## To do
Would you print the lines below exactly, beginning at the line that has "Men Funny Fake" and stopping after the line that has "Wardrobe 3d model sliding with glass doors"? Only those lines, and no pictures.

## Supplied records
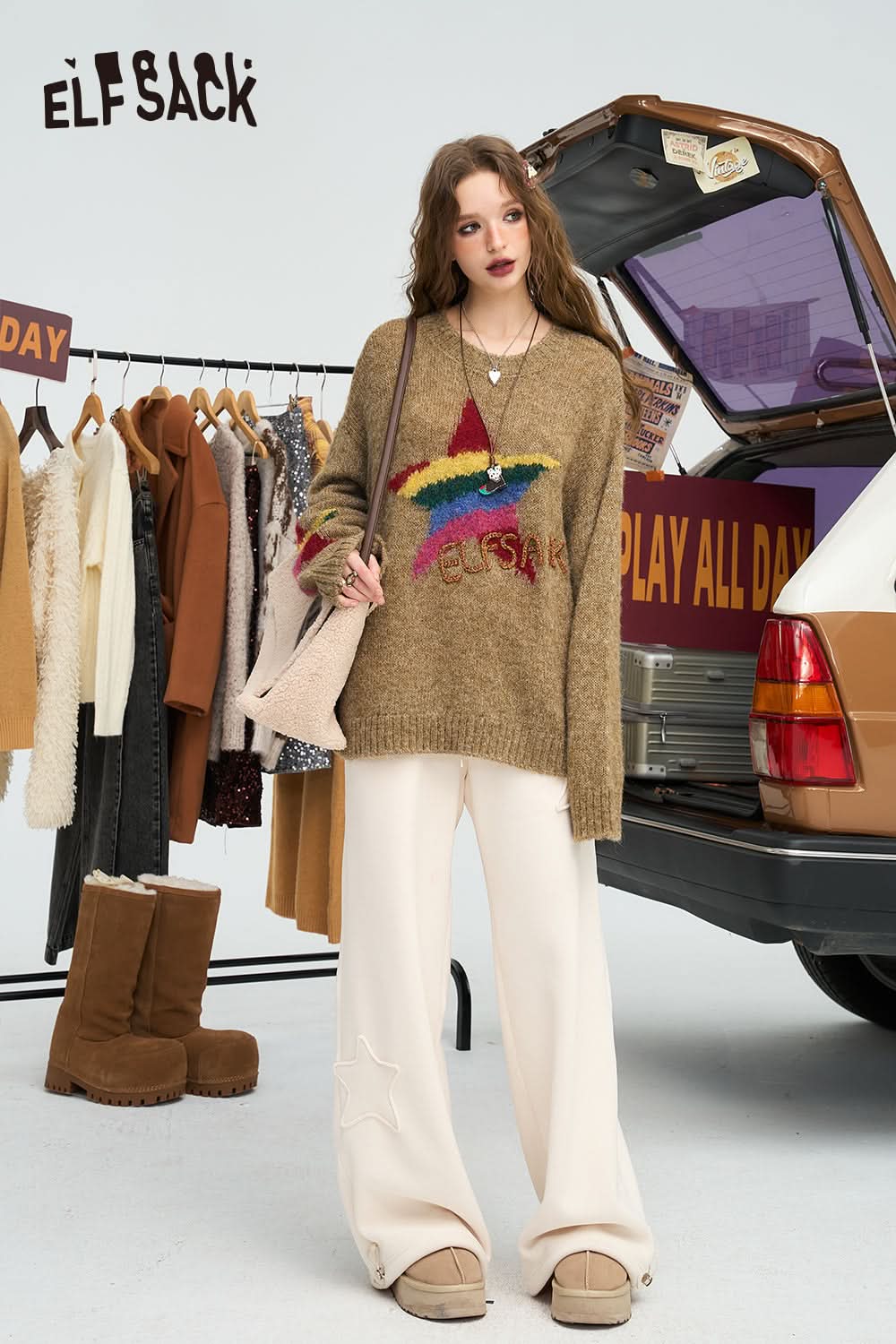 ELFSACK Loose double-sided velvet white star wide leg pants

* * *

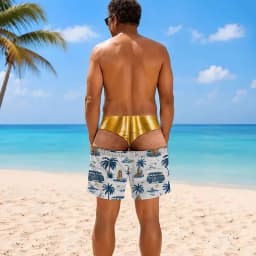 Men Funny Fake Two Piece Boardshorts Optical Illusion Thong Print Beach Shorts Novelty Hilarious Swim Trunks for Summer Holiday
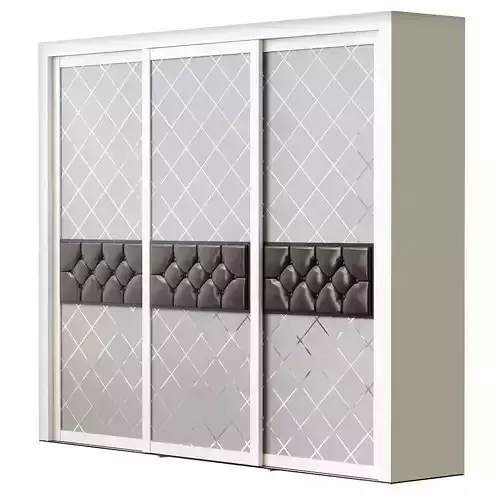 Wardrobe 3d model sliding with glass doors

## Answer section
 Men Funny Fake Two Piece Boardshorts Optical Illusion Thong Print Beach Shorts Novelty Hilarious Swim Trunks for Summer Holiday
 Wardrobe 3d model sliding with glass doors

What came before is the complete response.